LQ: 8.75


Brain grade: 8.5
Fun score: 9.0

Game Type: ESRB Rating: Teen Platform/Console: , , , , LWK Recommended Age: 13+ Thinking Skills Used: ,

Nintendo Switch PC Xbox One Xbox Series X/S Steam


Skatebird is a sports game in the style of Tony Hawk’s series of skateboarding games. In the game, you customize your own bird and skate around on a series of miniature homemade skateparks, including half pipes made from magazines and rails made from plastic straws. 

You play as a bird who lives in a house with some other birds and your “Big Friend.” Lately, Big Friend does not seem to want to do much of anything, and has even stopped their favorite sport, skateboarding. You decide that you will create your own miniature skatepark in order to keep yourself entertained and get your Big Friend to cheer up.
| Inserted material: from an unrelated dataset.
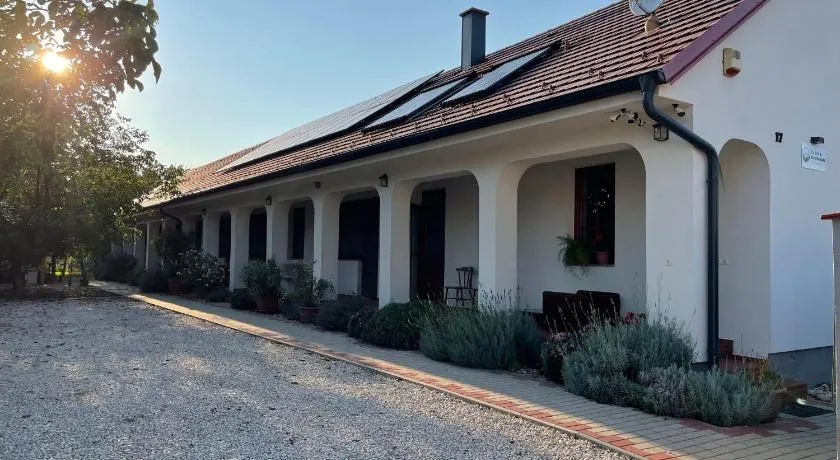 Diófa Apartmanház - Image 1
If you are really good, you might even inspire them to pick their board back up again! 

In the game, the player controls the bird’s movements on the skateboard while pressing different buttons to execute different moves. Skating around the area will reveal other birds who live in the house who have missions for you to complete. Each mission is timed, meaning that the player needs to complete the objectives listed before the timer runs out. 

Skatebird is rated T for Teen due to lyrics in the game’s soundtrack. LearningWorks believes that every parent knows what is best for their child and should weigh this information against their own knowledge of their child when making game-purchasing decisions.

Skatebird helps kids practice and improve the following skills:

Working Memory: Recalling and retaining information in our minds while working.

Skatebird is a great way for players to practice their working memory skills. In order to execute skating tricks in the game, the player needs to be able to remember which buttons perform which tricks while they are in the act of skating. For players who struggle with working memory, they can skate around as long as they want to practice their tricks before taking on any missions from the other birds. 

The players also need to use their working memory in order to remember the layouts of the different maps. For some challenges, the player needs to find items or remember where certain objects are located. If they cannot find them within the time limit, they will need to repeat the mission. But missions can be repeated as many times as necessary so there is no “game over” as a result. 

Time Management: Working under pressure. 

In order to complete missions from the other bird friends in the game, the player will need to check off each item on the objective list within a certain amount of time. This means the player will need to work under pressure to complete the objectives. For players who struggle with time management, these missions can be repeated as many times as necessary.